A new European Commission took office on 1 December 2019, without the UK nominating anyone (pending the outcome of the General Election). It remains to be seen whether Prime Minister Boris Johnson will feel obliged to put forward someone for the short period of time before the UK is scheduled to leave the EU.
According to Ursula Von Der Leyen, the Commission President, the EU’s ambition is to become the first climate-neutral continent by 2050. All of the EU-27 have agreed to this with the exception of Poland, which relies on coal for 80 per cent of its energy. On 11 December, the European Commission presented the long-awaited European Green Deal (EGD) along with a roadmap of new proposals and key actions the Commission will take over the next 5 years. The strategy is comprehensive and includes a proposal by June 2021 for revised CO2 emission performance standards for cars and vans alongside funding for charging points. Other measures include the development of a renewed Sustainable Finance Strategy to ‘strengthen the foundations for sustainable public and private investment’, to be presented in Autumn 2020. Interestingly, the Commission has also proposed tweaking EU state aid rules to support the transition which puts the EU executive’s at odds with its usually strict approach to competition issues.

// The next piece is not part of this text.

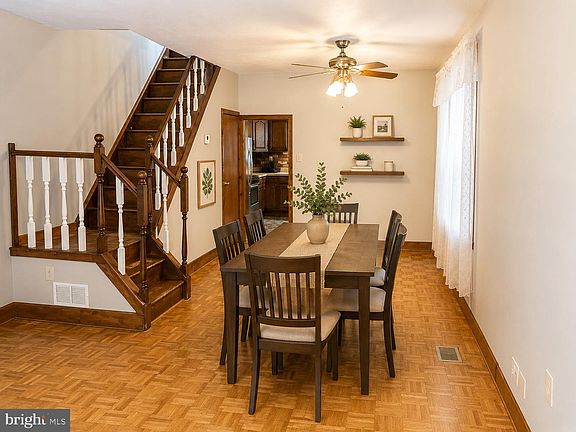4th image of 423 Shurs Ln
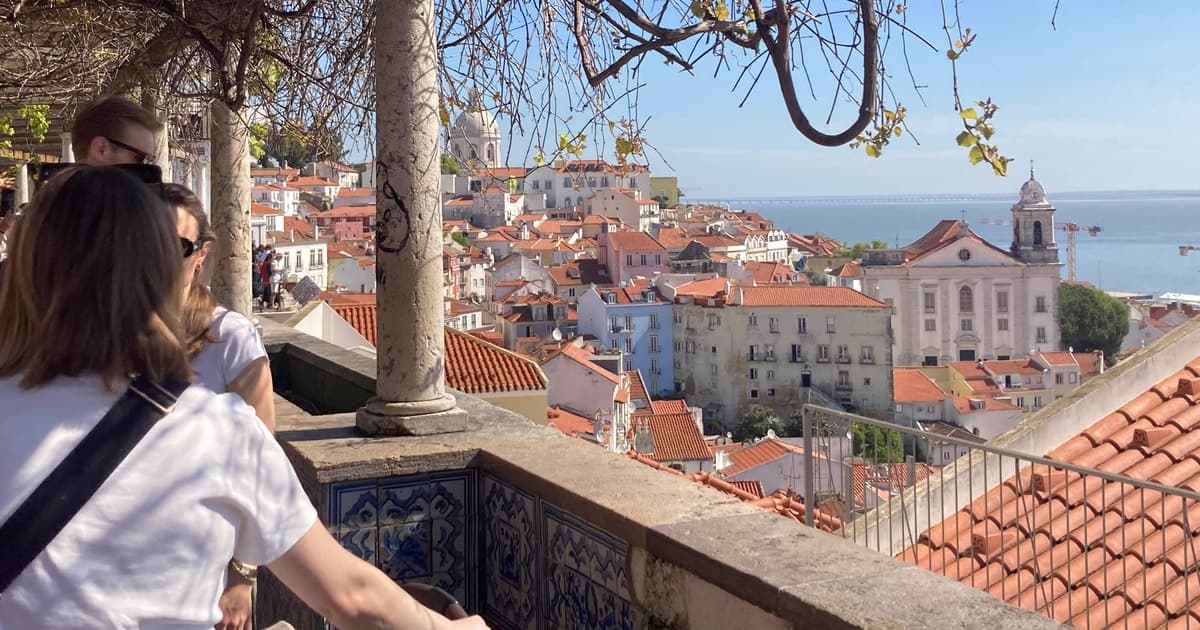 Alfama Tuk Tuk Tour with a Local Picnic Experience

Meanwhile, the EU-28 reached agreement on a taxonomy for sustainable finance. The thinking behind this is to stamp out “greenwashing” — where firms can self-proclaim products as environmentally-friendly but without this being underpinned by common standards. The new Commission has signalled that this taxonomy will be used as a basis for an EU standard for green bonds and an eco-label for retail investment products. Under the agreement brokered on 18 December, investment in coal, gas and fossil fuels will no longer be considered sustainable. The agreement retains the concept of maintaining a neutral stance in relation to different alternative energy forms, provided that they are low in greenhouse gas (GHG) emissions. As such, the classification of nuclear energy remains largely ambiguous, being neither explicitly included nor excluded from the category of ‘pure green’ investments. This addresses the concerns expressed by the UK, France and others who blocked an earlier compromise. The taxonomy will include two sub-categories of "enabling" and "transitional" activities, which help define how an economic activity contributes to reducing GHG emissions.